**HOW TO COMPLETE THIS TASK**.
Only one stretch of the records below is wanted: the lines from the one holding "ACreed Connor Kenway Pendant - Image 4" through the one holding "Louis Vuitton parent". Return it exactly, both ends included.
Start of EXTRACTED DATA
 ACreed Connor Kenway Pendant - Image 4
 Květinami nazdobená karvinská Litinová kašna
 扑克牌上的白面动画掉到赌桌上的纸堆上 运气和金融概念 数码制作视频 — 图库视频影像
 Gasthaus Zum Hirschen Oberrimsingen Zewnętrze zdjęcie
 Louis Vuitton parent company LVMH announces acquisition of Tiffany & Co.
End of EXTRACTED DATA
Start of EXTRACTED DATA
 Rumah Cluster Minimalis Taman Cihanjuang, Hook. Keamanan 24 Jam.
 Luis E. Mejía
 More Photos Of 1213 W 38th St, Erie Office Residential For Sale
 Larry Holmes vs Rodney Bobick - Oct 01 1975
End of EXTRACTED DATA
Start of EXTRACTED DATA
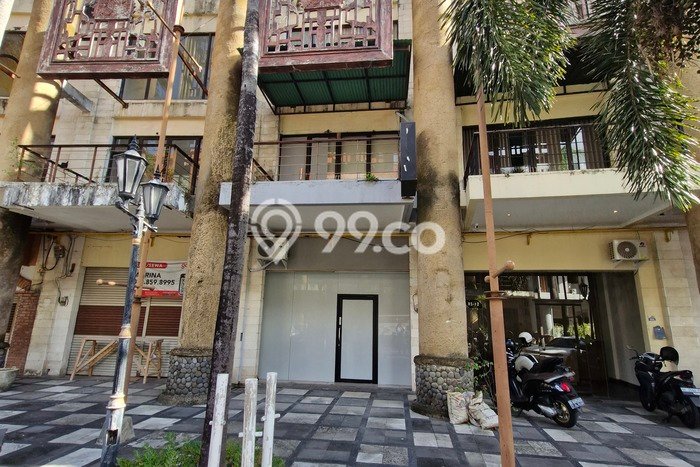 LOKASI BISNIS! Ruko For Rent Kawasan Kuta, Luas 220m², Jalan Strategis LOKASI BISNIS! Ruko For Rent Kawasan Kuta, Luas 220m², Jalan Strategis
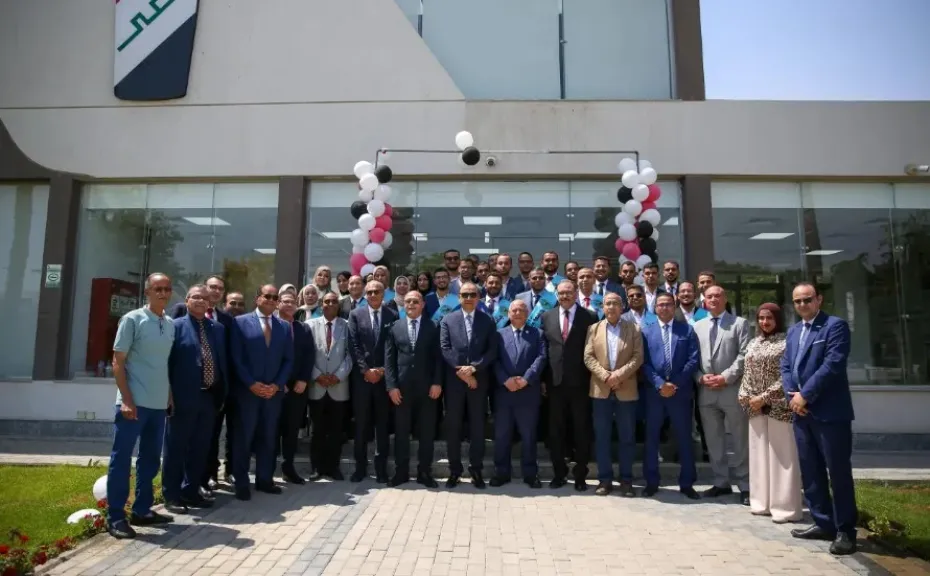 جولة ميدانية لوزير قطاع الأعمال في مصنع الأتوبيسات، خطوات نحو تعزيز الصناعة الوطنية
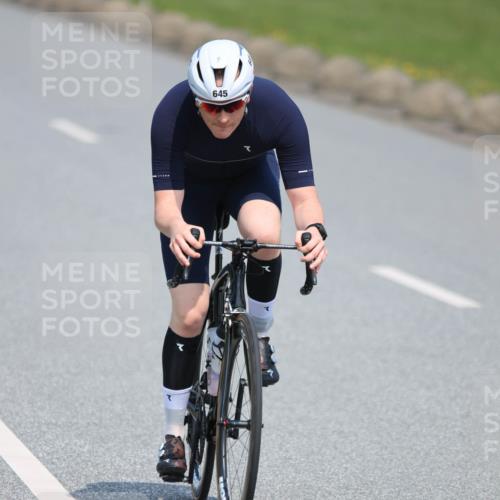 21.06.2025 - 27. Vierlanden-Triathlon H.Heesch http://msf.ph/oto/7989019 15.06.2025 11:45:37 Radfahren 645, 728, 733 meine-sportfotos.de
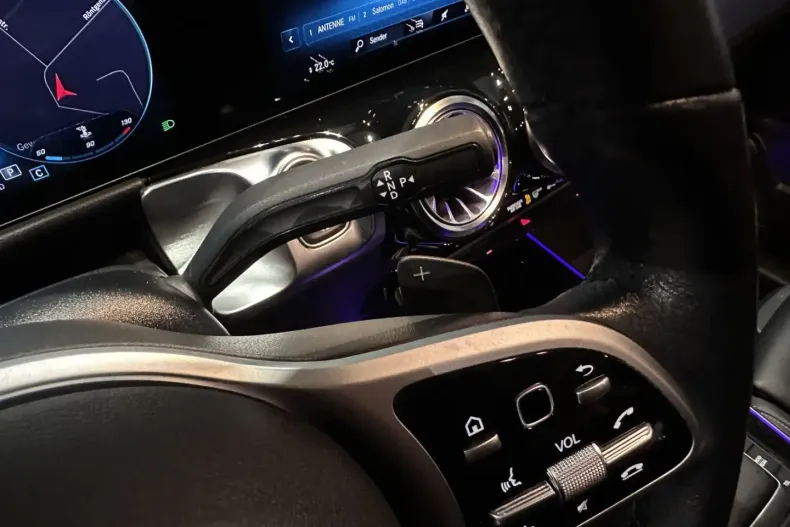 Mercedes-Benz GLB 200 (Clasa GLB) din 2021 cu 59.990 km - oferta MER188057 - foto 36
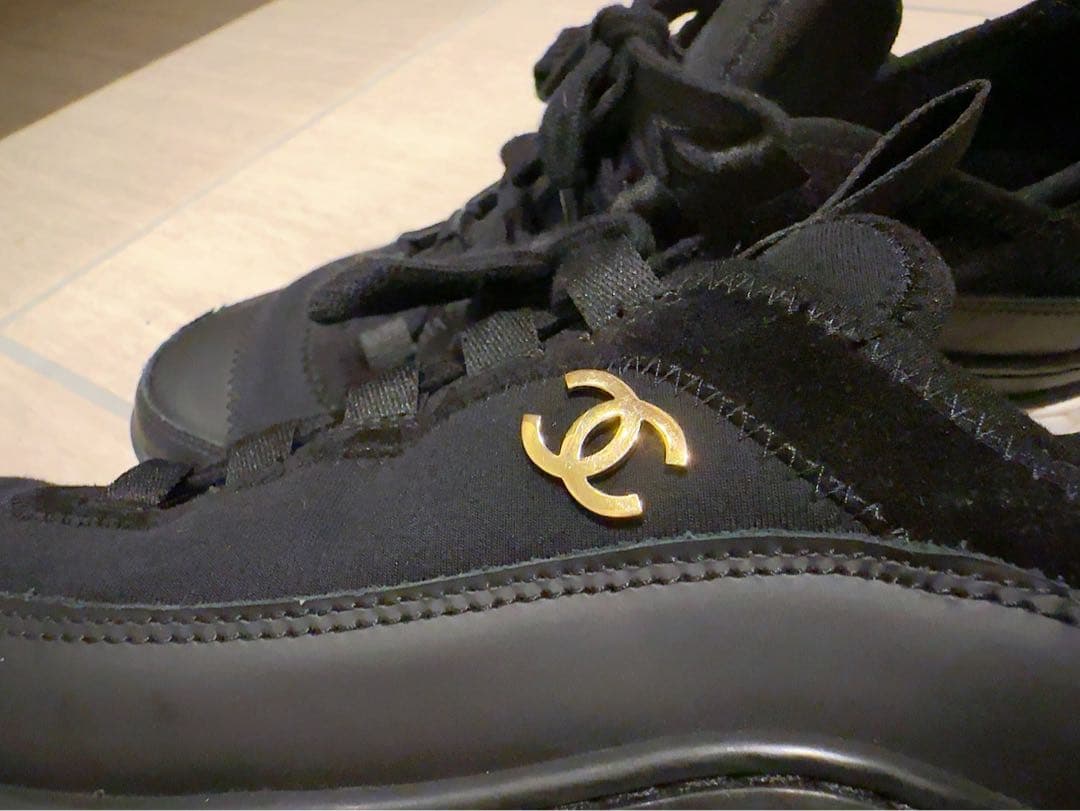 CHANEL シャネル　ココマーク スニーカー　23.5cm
End of EXTRACTED DATA
**ANSWER**.
 ACreed Connor Kenway Pendant - Image 4
 Květinami nazdobená karvinská Litinová kašna
 扑克牌上的白面动画掉到赌桌上的纸堆上 运气和金融概念 数码制作视频 — 图库视频影像
 Gasthaus Zum Hirschen Oberrimsingen Zewnętrze zdjęcie
 Louis Vuitton parent company LVMH announces acquisition of Tiffany & Co.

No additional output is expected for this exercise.